There are two sub-areas of on-chip data protection: “data at rest” and “data in-flight”. Protecting data at rest requires some mechanism to ensure data stored in a memory array doesn’t change while “resting” in that array. In the early days of on-chip SRAMs, failure rates and random error rates were high, so designers included protection mechanisms like parity and/or redundancy in attempts to guard against unintended data changes. As CMOS processes matured, these concerns lessened and designers in many markets chose to accept unprotected SRAMs to cut down on area overhead for protection against increasingly less likely error events. However, with the rapid shrinking of silicon geometries and the change from planar to FinFET transistors, concern over such “soft” or “random” errors appears to be growing again. Fortunately, the increased gate counts possible with modern silicon processes make more advanced techniques such as Error Correcting Code (ECC) feasible – and for automotive applications, arguably mandatory as they provide much stronger protection against data corruption.

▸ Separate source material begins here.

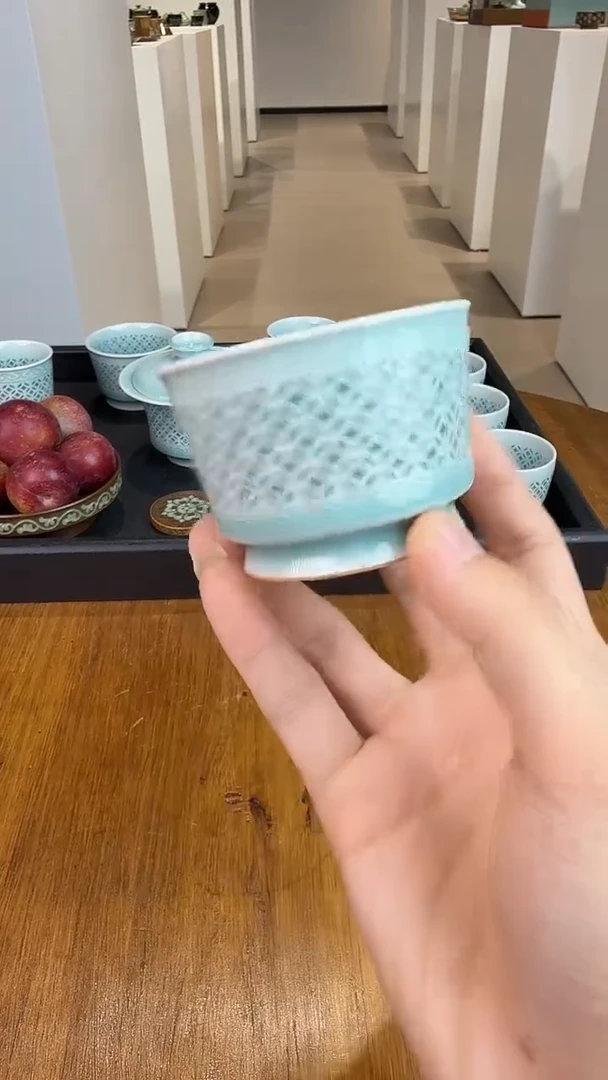 青瓷手工茶器包邮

While precise details vary by the ECC chosen, today’s SoC designer should be able to get full Single Error Correct, Double Error Detect (SECDED) protection at a cost of around 8 bits of additional storage for every 64 bits of data. The additional logic complexity is outweighed by the additional capability for a system to survive single-bit errors. It is particularly important for the automotive SoC designer to ensure that both correctable and uncorrectable errors are logged and reported to software. By logging both the failed data bit(s) and SRAM line address, application or diagnostic software will have the information necessary to identify potentially failing hardware from patterns of even soft errors over time. Data at rest is generally in transition from layer to layer in PCI Express designs, so the SoC designer will not find a benefit in rewriting any corrected data values back into their originating memory as once passed to the next layer, the original memory locations will be reused for a later packet.
Protecting data in-flight is the process of ensuring correct data is carried through the various non-storage data paths of the SoC. For designers using ECC on their memories, carrying the ECC code along with the data certainly accomplishes the desired protection but the additional ECC checks may not be desirable due to area or timing closure. Given that even cutting-edge FinFET flip-flops are considered to be fairly reliable, the industry practice of carrying simple parity is likely sufficient – even in automotive applications.
When uncorrectable errors are detected anywhere on the outbound path to the PCI Express link, SoC designers must implement some type of error recovery handshake with the application logic. Because packets are often pipelined, simply invalidating an outbound packet and notifying the application logic may not be able to prevent a subsequent packet from being transmitted. Worst case, that packet might indicate a higher-level protocol “successful completion” message related to the corrupted data. Even though the bad packet was never transmitted, the system memory (intended to be updated by the now invalidated packet) will not have valid data, and so receiving a “success” message would be catastrophic.